I encourage you to rethink what you consider to be a waste of a year. I'm guessing that learning to thrive in an environment that isn't perfectly tailored to her will be a valuable skill for your daughter. Rest assured that plenty of BHS graduates have gone on to UCs, Ivies, and small liberal arts colleges. 

Every family is different but my child attended BUSD k-12 and was admitted to UCs (with Regent’s Scholarships), and most of the privates they applied to. Ended up attending an Ivy. Only did activities they were interested in, some at school, some in the community. The main thing I would advise is to encourage your child to pursue their interests and college admissions will work out. 

Honest thoughts from a parent of a "high-achieving" BHS grad. We were not in the U9 program at BHS, but we were there recently enough that our experience is fresh. (We also entered BHS from a private school.)

Colleges LOVE Berkeley High. High-achieving kids tend to get very high GPAs at BHS, made even higher by AP or IP classes. These AP/IB classes are all geared toward teaching to the test, but they make for an impressive GPA. It's easy to start a club at BHS, and that also looks fantastic on an application. Every year BHS kids get into a huge range of competitive colleges -- we knew kids accepted at Ivy Leagues, small LACs, and all the UCs. (My kid had great success with college applications.) The sports and student organizations are top-notch (teams, newspaper, jazz band, etc.) Plug into those activities for sure -- that is where BHS really shines. 

Re: 9th grade, your concerns are valid. My kid found that the 9th grade workload was not very challenging. The upside: lots of time for all those great extracurriculars!

That said, the BHS core curriculum is dismal, particularly in the humanities. My kid was in AC and went through 4 years (including 2 years of AP English) only needing to read a handful of books total for English class. Barely any writing was assigned, and the English & History courses were taught to the lowest common denominator. The math program is also awful as it doesn't map to a traditional math progression. Teachers use their own grading standards so some of them are really easy graders and some are impossible -- luck of the draw. My kid had, on average, 1 excellent teacher every year, but then there were... all the rest.

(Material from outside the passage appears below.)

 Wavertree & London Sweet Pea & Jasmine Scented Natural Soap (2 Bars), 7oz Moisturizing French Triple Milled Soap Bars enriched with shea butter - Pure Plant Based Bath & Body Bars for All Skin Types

We loved the diversity at BHS, but found that kids from similar backgrounds tended to stick together.

If your kid is confident, mature, and social, with a hobby or talent that maps to a BHS team or club, BHS can be a great place. But the school itself has endless intractable problems. Each class moves on and kids are accepted to great colleges, so changes never happen even if parents complain. (See issues with the math program here, still in use:  https://www.berkeleyside.org/2018/10/18/opinion-the-math-crisis-at-berke...).

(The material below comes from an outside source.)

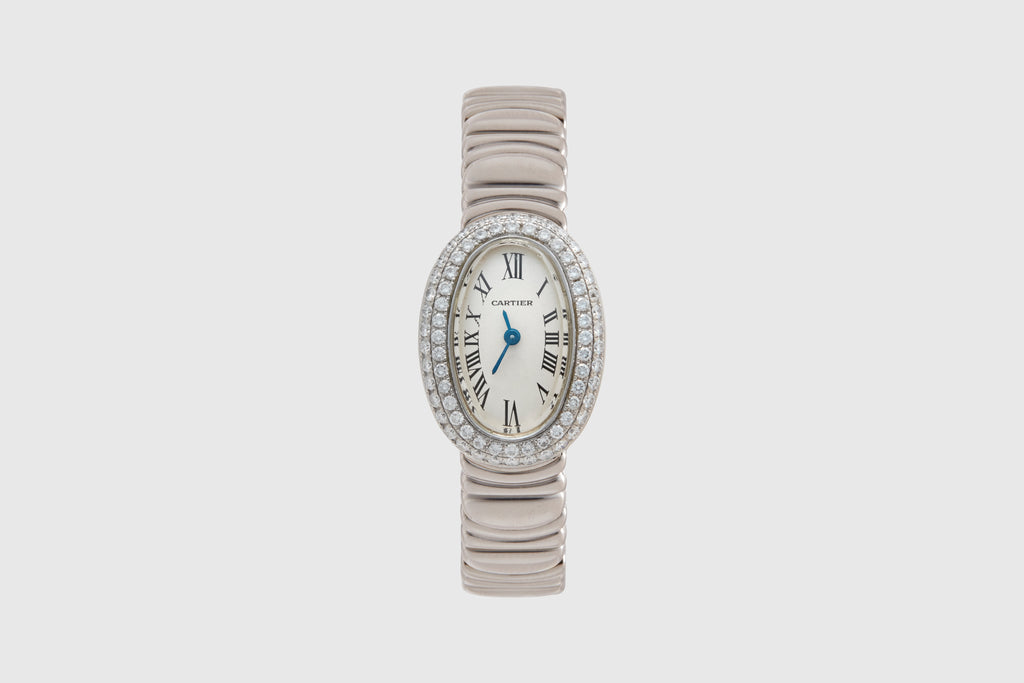 Cartier Mini Baignoire White Gold on Bracelet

Focus on BHS's strengths: sports, music, student organizations. Be ready for uneven academics.

I wish I had known some of this before we started at BHS. Hope this is helpful in managing expectations. 

It is true that academically the U9 curriculum is not challenging for high-achieving kids. But there is so much else going on at BHS to keep them interested and that first year is a period of acclimation and transition, especially for kids coming from small private schools. And there are many rich and rewarding ways kids can get involved outside classes in that time. I have a senior at BHS and have seen what a gem the school is for kids who are academically focused and want to be challenged. Starting sophomore year they can self select more challenging and AP classes and then, especially in the IB program, junior and senior years are as challenging academically as any private school, depending what courses your child chooses. BHS kids regularly get into the UCs, ivies, and top-tier liberal arts schools, and the experience along the way, of learning to manage dealing with people from all different backgrounds and walks of life, is the most valuable part. 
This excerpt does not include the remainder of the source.